Le dégel Etats-Unis-Cuba avance malgré les embûches

Partager cet article facebook linkedin email

Six mois après l’annonce historique d’un début de normalisation entre les Etats-Unis et Cuba, les deux pays sont parvenus à amorcer un véritable rapprochement, même si certains points de divergence paraissent pour l’heure difficiles à dépasser.

Un article de l’AFP publié par le quotidien LA CROIX

D’immenses défis !

Depuis le séisme du 17 décembre dernier, qui annonçait une nouvelle ère dans les relations entre les deux pays, plusieurs évènements auparavant inconcevables se sont produits.

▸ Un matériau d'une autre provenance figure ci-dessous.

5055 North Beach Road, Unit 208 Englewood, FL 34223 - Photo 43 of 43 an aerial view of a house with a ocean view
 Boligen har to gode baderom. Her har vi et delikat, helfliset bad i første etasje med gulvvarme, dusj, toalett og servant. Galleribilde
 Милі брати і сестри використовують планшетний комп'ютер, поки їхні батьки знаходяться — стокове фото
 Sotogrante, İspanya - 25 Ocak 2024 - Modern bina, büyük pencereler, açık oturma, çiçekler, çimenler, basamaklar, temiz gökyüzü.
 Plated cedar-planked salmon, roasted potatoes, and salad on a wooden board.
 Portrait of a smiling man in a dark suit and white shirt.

M. Obama a d’abord demandé au Congrès d’étudier la levée du principal pivot de la politique américaine d’isolement de Cuba : l’embargo imposé à l’île depuis 1962.

En avril, les présidents Barack Obama et Raul Castro se sont rencontrés au Sommet des Amériques de Panama, une première depuis plus d’un demi-siècle. Puis l’administration Obama a acté la sortie de Cuba de la liste américaine des pays soutenant le terrorisme.

Aujourd’hui, les deux pays sont en passe de rétablir des relations diplomatiques suspendues depuis 54 ans.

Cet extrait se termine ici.